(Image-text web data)
####################

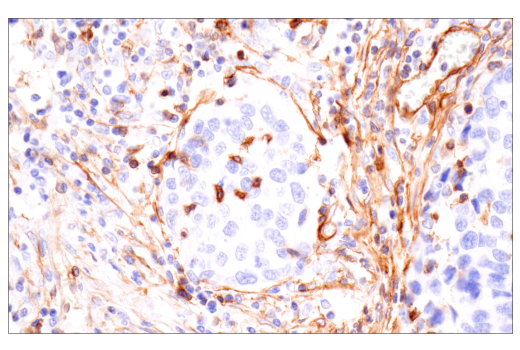Immunohistochemistry Image 7: Integrin alpha1/CD49a (E9K2J) Rabbit Monoclonal Antibody (BSA and Azide Free)
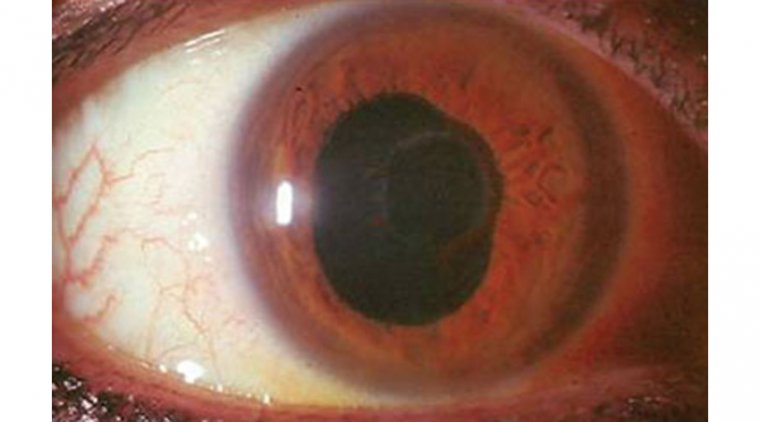 Cycloplegia: The Eye Condition That Affects Your Ability to Focus Up Close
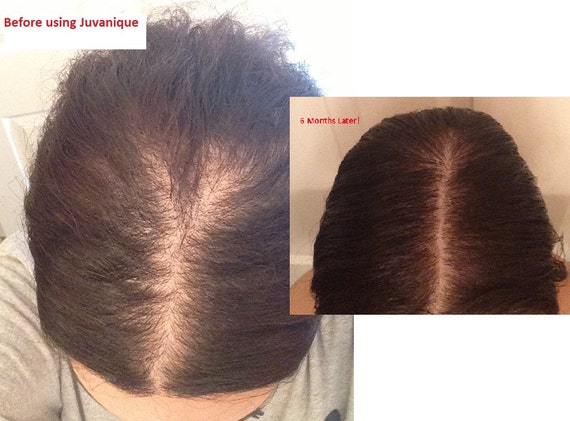 juvanique-reduces-hair-loss-promotes-new-hair-growth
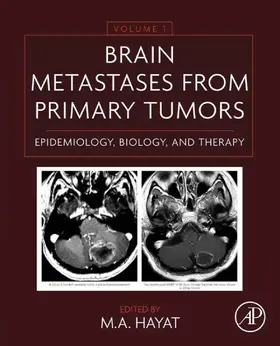 Hayat |  Brain Metastases from Primary Tumors Volume 1 | eBook | Sack Fachmedien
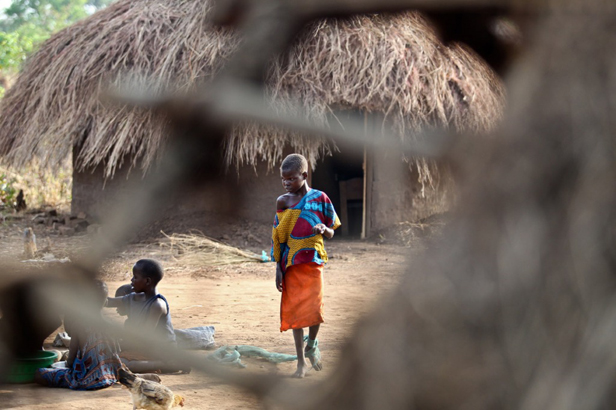 “She’s still attacked by the nodding syndrome. She does not miss a day but the impact is no longer as serious as it used to be. Today she nodes maybe twice a day, as opposed to about 10 times she used to be attacked,” Odongkara says, seated under the tree he use to tie his daughter.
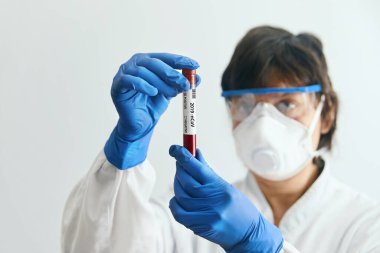 Coronavirus 2019 nCoV kan örneği. Yeni Salgın Corona Virüsü. Corona virüsü salgını. Laboratuvardaki Corona Virüsü. Koruyucu eldivenler, maske ve gözlük takan bilim adamı.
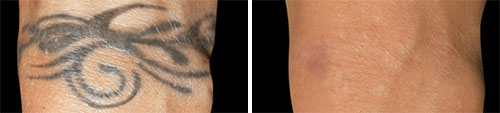 Tattoo Removal Treatment Before and After Photos at Cara Mia Medspa in Lake Zurich, IL Tattoo Removal Treatment Before and After Photos at Cara Mia Medspa in Lake Zurich, IL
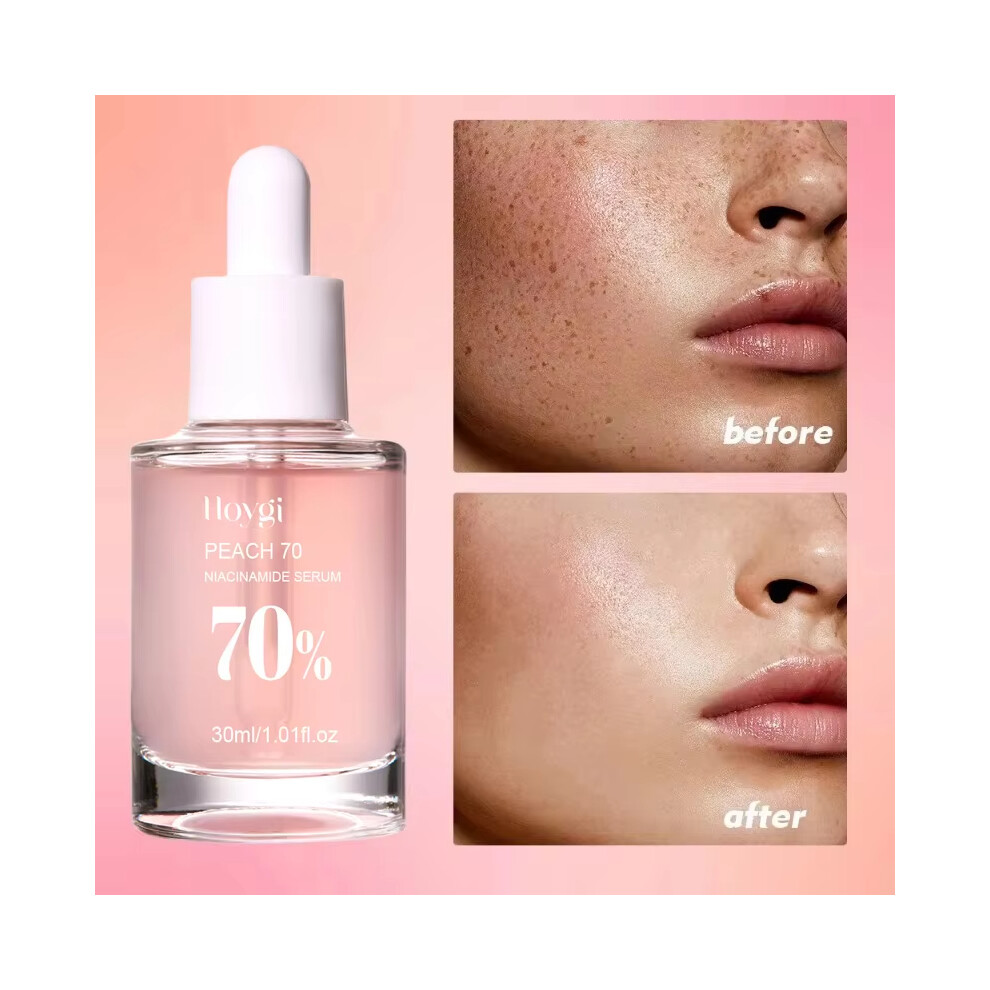 Peach 70% Niacinamide Serum 30ml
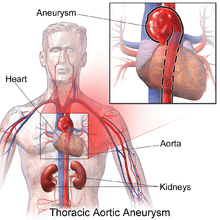 تمدد الأوعية الدموية الأبهري الصدري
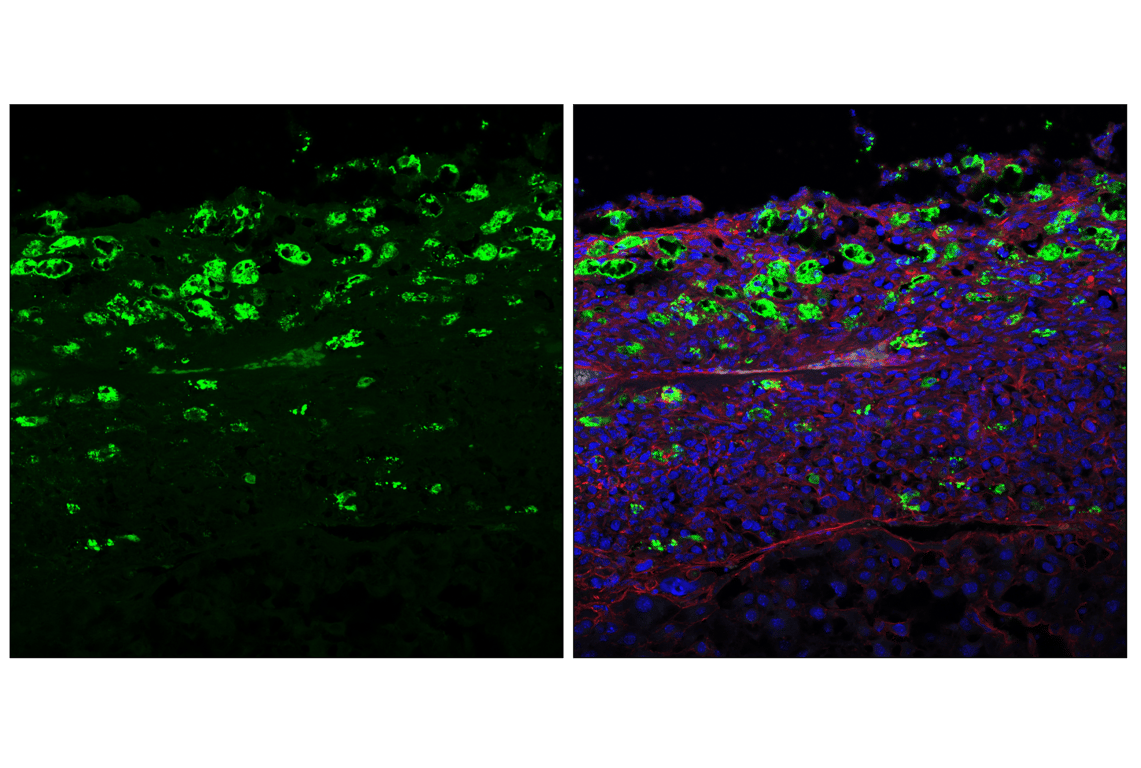 Immunofluorescence Image 1: Granzyme F (E2U7L) Rabbit Monoclonal Antibody (BSA and Azide Free)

####################

- What you are asked to do
Your answer must be the exact lines from the start of the data through the line with "eBook | Sack Fachmedien", inclusive, and nothing else; pictures do not belong in it.

- Result of the exercise
Immunohistochemistry Image 7: Integrin alpha1/CD49a (E9K2J) Rabbit Monoclonal Antibody (BSA and Azide Free)
 Cycloplegia: The Eye Condition That Affects Your Ability to Focus Up Close
 juvanique-reduces-hair-loss-promotes-new-hair-growth
 Hayat |  Brain Metastases from Primary Tumors Volume 1 | eBook | Sack Fachmedien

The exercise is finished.